Janvier 2009 a tout d’abord une particularité. Il s’agit d’une mobilisation massive qui se déroule dans un contexte de crise financière et économique profonde et durable à la différence des mouvements de 1995, de 2003 et de 2006. Certes, ceux-ci se développaient dans des contextes où le chômage restait important mais où existait aussi une croissance économique même modérée. Ce n’est plus le cas aujourd’hui. Est-ce pour cette raison que les thèmes revendicatifs développés le 29 janvier sont si distincts de ceux exprimés lors des mouvements sociaux antérieurs ?

De 1995 à 2006, on était en présence de mobilisations qui portaient sur des thèmes revendicatifs précis et spécifiques qui s’opposaient à des projets de réformes gouvernementaux relatifs à la sécurité sociale, les régimes spéciaux, les retraites ou le CPE. Aujourd’hui, tout se passe comme si l’unité syndicale s’était faite face à une crise globale, sur des revendications tout aussi globales : le pouvoir d’achat et surtout l’emploi.

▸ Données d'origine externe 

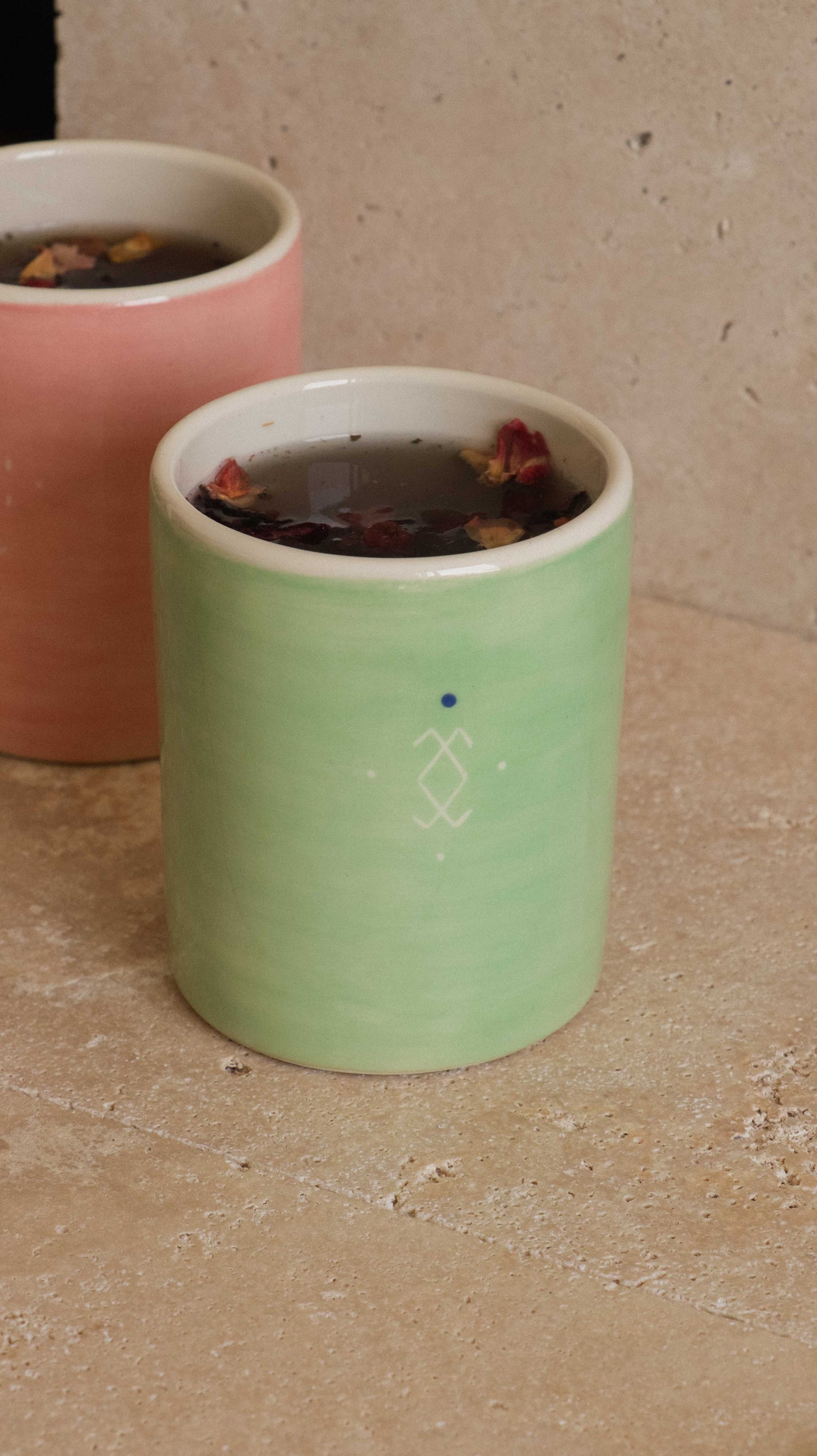 RIF - Mug en céramique artisanal vert sauge
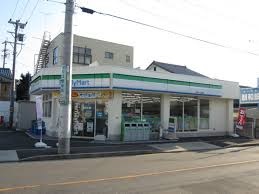 コンビニ　ファミリーマート 杉村一丁目店（コンビニ）まで294m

Certes dans le contexte de la crise et du plan de relance des pouvoirs publics, la mobilisation du 29 janvier incarnait l’affirmation du monde du travail. D’où l’initiative originale concernant la publication d’un document adopté par tous les syndicats, un document qui mettait en cause les décisions du gouvernement et présentait – en toute autonomie face aux partis politiques – des propositions alternatives de relance économique fondées sur les attentes des salariés.

Reste toutefois un trait fort singulier. À cause de leurs caractères spécifiques et limités, les thèmes revendiqués lors des mouvements de 1995, de 2003 ou de 2006 étaient ou pouvaient être directement négociables, amendables ou rejetés. En 2009, les thèmes de l’emploi et du pouvoir d’achat ne peuvent se décliner – à l’exception de quelques mesures annexes – qu’au niveau de négociations locales ou sectorisés, nécessairement disparates. D’où d’un côté un grand front syndical uni et de l’autre des débouchés ou des résultats épars et disséminés.

Un autre trait spécifie le mouvement de janvier 2009. Certes, depuis trente ans, le chômage constitue en France une question récurrente et endémique. Pour certains, c’est ce qui explique le recul de la grève dans le secteur privé alors que le secteur public reste en général beaucoup plus combatif. D’où le fait qu’en 1995, la grève des cheminots ou des employés de la RATP avait pu être présentée par certains acteurs comme « une grève par procuration », « une procuration » qui aurait été donnée par les salariés du privé à ceux du public. Fréquemment reprise, la formule eut alors du succès. Mais dans un contexte radicalement différent, qu’en est-il aujourd’hui ?

À l’occasion ou sur certains thèmes revendicatifs – la défense de la sécurité sociale par exemple –, il peut y avoir des mouvements qui relèvent de la grève par procuration. Mais le chômage ne se vit jamais, individuellement ou collectivement, par procuration. En d’autres termes, il n’existe pas de chômage par procuration. Or aujourd’hui, avec la crise, c’est bien cette question, la question du chômage, qui se pose avec une force inégalée depuis très longtemps. Dans ce contexte, les syndicats sont désormais confrontés à un défi d’ampleur. Face à la crise économique et à la destruction à venir de très nombreux emplois, la mobilisation du « privé » est devenue un enjeu incontournable. Ce défi, ils doivent le relever. S’ils ne le font pas – par incapacité, manque d’imagination et de moyens –, alors le divorce entre eux et une grande partie de la société française deviendrait toujours plus inéluctable mais aussi dramatique, et pour cause. Il s’agit là de « la part de la société » qui aujourd’hui est la plus menacée et a le plus besoin d’être représentée, défendue, mobilisée. Défendue directement et non par procuration, par procuration laissée à d’autres salariés pour qui le chômage immédiat n’existe pas. On le voit, la journée du 29 janvier fut vraiment « une journée particulière »,pour reprendre le titre d’un très beau film d’Ettore Scola (1977).